Texarkana Gazette

Photograph­er writes book on his personal “road to Damascus” experience.

- By Greg Garrison

BIRMINGHAM, Ala.—Karim Shamsi-Basha spent his childhood in Damascus, Syria, and when he tells that to Christians, they ask if he knew the road to Damascus where the Apostle Paul converted to Christiani­ty.

Shamsi-Basha grew up a Muslim, so for a long time he didn’t know what they were talking about. “I would say, ‘Yes, we have roads in Damascus.’”

Finally someone told him he should read about Paul in the Book of Acts.

“The first time I read the ninth chapter of Acts, I said, ‘Whoa! That’s where I grew up,’” Shamsi-Basha said. “Syria is throughout the Old Testament too. Damascus was Damascus before the Bible was the Bible.”

Now Shamsi-Basha has written a book about leaving Syria, and about leaving Islam. It’s called “Paul and Me: A Journey to and from the Damascus Road, From Islam to Christ.”

“It’s a love story,” he said. “God loves every person on the planet the same. He doesn’t love believers more than nonbelieve­rs. He just cries and watches what we’re doing to each other. Why has love taken a backseat to violence? Where did we go wrong?”

He has found his own road away from Damascus, but in many ways his heart is still in Syria. His home country has been wracked by civil war for the past two years.

Shamsi-Basha said the situation in Syria is complicate­d, since the rebels, including some terrorists aligned with al-Qaeda, may be worse than the country’s dictator, Bashar al-Assad.

“They don’t have a Martin Luther King Jr.,” Shamsi-Basha said. “It’s divided up into all these factions. I really don’t know what the solution is. Why does it have to come to shooting? I don’t understand the human need for violence.”

His two sisters are still practicing Muslims who wear hajib, the scarf that covers a Muslim woman’s hair. One lives in New York City and one still lives in Damascus. “I talk to her just about every day,” he said of his sister in Syria. “She’ll say things like, ‘Today they bombed about two streets over.’ And I’ll say, ‘I’m glad you’re okay.’ She wants Assad to stop. She wants the rebels to stop.”

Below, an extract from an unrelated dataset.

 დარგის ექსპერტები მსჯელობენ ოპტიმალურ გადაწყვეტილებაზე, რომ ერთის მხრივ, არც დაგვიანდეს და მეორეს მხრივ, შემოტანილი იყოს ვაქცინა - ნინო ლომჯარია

The family wants her to leave Damascus, but that’s not easy. “We’re trying to get her a visa,” Shamsi-Basha said. “There’s about a million Syrians trying to get visas right now. There are 2 million Syrians in refugee camps in Lebanon and Jordan.” Shamsi-Basha left Syria at 18. He graduated from the University of Tennessee and moved to Birmingham in 1989 to work as a photograph­er for the Birmingham Post-Herald.

Shamsi-Basha was born in Damascus in 1965 and grew up speaking Arabic as his native language, but learned English in school. During his childhood, Damascus was known for religious tolerance, Shamsi-Basha said. “It was a beautiful city, the oldest continuous­ly occupied city on the planet.”

Shamsi-Basha said his curiosity about religion got him in trouble. “I asked a lot of questions about Christians,” he said. In eighth grade religion class, he got in trouble with the teacher for posing a troublesom­e question: “Did God make man, or did man make God?”

The teacher paddled him, then the principal paddled him and sent him home with a note.

His father was more understand­ing. “That’s an interestin­g question,” he told his son. Then he told him, “It’s a lot easier to live knowing that God made man.”

Shamsi-Basha said he replied to his father, “I don’t want just easier to live.” His father encouraged him to explore spirituall­y.

Solid Ground published “Paul and Me: A Journey to and from the Damascus Road from Islam to Christ,” this year, and it is available on Amazon.com, or through the Website, Paulandme.com.